Dalam kebijakan tarif impor tersebut, Presiden Donald Trump memberlakukan kenaikan tarif pada seluruh impor produk perdagangan dari Kanada dan Meksiko sebesar 25 persen, dan tambahan bea masuk impor (BMI) kepada China sebesar 10 persen. Khusus untuk Kanada dan Meksiko, Trump belum menerapkan kebijakannya alias masih ditunda hingga 4 Maret 2025.

Tak hanya berhenti di situ, kini, Donald Trump juga  mengumumkan kebijakan baru yang ditujukan kepada negara-negara berkembang. Trump menginginkan agar tarif perdagangan dengan negara-negara berkembang bersifat setara atau tarif timbal balik (resiprocal tariff).

Atas kebijakan tersebut, berbagai negara termasuk Indonesia mewacanakan negosiasi ulang terhadap Amerika Serikat.

Negosiasi diperlukan mengingat nilai ekspor Indonesia terhadap Amerika Serikat bisa dibilang cukup tinggi. Sehingga kita perlu melakukan berbagai pendekatan agar ekspor kita menuju AS tidak mendapatkan hambatan yang terlalu besar baik tariff maupun non tariff.

Baca: Ganjar Pranowo Mempertanyakan Klaim Sawit Sebagai Aset Nasional

Selain itu, jangan lupa bahwa yang menjadi “target utama” perang dagang AS salah satunya adalah Negara China yang saat ini menjadi pasar utama produk ekspor Indonesia, sehingga jika perang dagang ini terjadi maka hitungan kami dampak tidak langsung perang tersebutlah yang akan lebih besar dibandingkan dengan dampak langsungnya.

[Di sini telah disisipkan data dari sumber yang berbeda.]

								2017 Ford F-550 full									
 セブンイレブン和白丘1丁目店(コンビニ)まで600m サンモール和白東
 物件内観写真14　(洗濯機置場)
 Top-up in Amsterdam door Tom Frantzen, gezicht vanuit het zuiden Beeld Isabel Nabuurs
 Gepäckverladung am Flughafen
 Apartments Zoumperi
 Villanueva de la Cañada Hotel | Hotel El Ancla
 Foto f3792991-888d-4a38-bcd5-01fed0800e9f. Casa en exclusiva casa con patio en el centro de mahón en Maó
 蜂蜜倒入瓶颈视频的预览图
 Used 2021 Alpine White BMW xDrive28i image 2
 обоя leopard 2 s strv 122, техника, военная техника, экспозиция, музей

Data Trademap.org mencatat pada tahun 2024 lalu ekspor China ke AS sebesar US$524,9 miliar, sehingga jika nilai ekspor sebesar tersebut sebagiannya dihambat untuk masuk ke AS, maka tentu China akan mencari pasar lain untuk memasarkan surplus produksinya tersebut. dan jika ini terjadi, kita harus berhati-hati barang-barang China semakin membanjiri pasar dalam negeri kita.

Belum lagi jika salah satu atau kedua negara tersebut mengalami kerugian sehingga mengurangi PDB dan permintaan impornya, maka hal ini akan mengganggu kinerja ekspor mengingat kedua negara tersebut porsinya mencapai hampir 35% dari total ekspor Indonesia.

Diketahui, nilai ekspor Indonesia ke Amerika Serikat di sektor non migas sepanjang tahun 2024 mencapai US$26,3 miliar atau 10,57% dari total ekspor non migas Indonesia. Posisinya kedua setelah China (24,2%), dan diikuti oleh India (8,17%) dan Jepang (7,47%). 

Yang jelas, perang dagang yang lebih besar sudah di depan mata dan hal ini tidak boleh dianggap main-main dan perlu mitigasi risiko sejak awal agar dampaknya terhadap perekonomian nasional Indonesia tidak terlalu destruktif. 

Efek Kebijakan Tarif Impor ala Trump

Belum genap satu bulan pasca pelantikannya, kebijakan tarif impor AS telah menyebabkan keguncangan disejumlah bursa saham.

Pada Kamis (14/2) IHSG tercatat turun ke level 6.638,46 atau terkoreksi 6,62% dibandingkan dengan akhir bulan lalu (mtd) yang salah satunya disebabkan oleh respons pasar terhadap kebijakan dagang presiden AS tersebut.

Selain bursa saham, perang dagang juga berdampak serius terhadap harga-harga barang yang diterima konsumen. Barang akan semakin mahal dan mendorong inflasi khususnya imported inflation sehingga akan membuat suku bunga acuan sulit untuk turun bahkan boleh jadi justru malah akan meningkat apabila inflasi yang terjadi jauh di atas target yang ditetapkan. 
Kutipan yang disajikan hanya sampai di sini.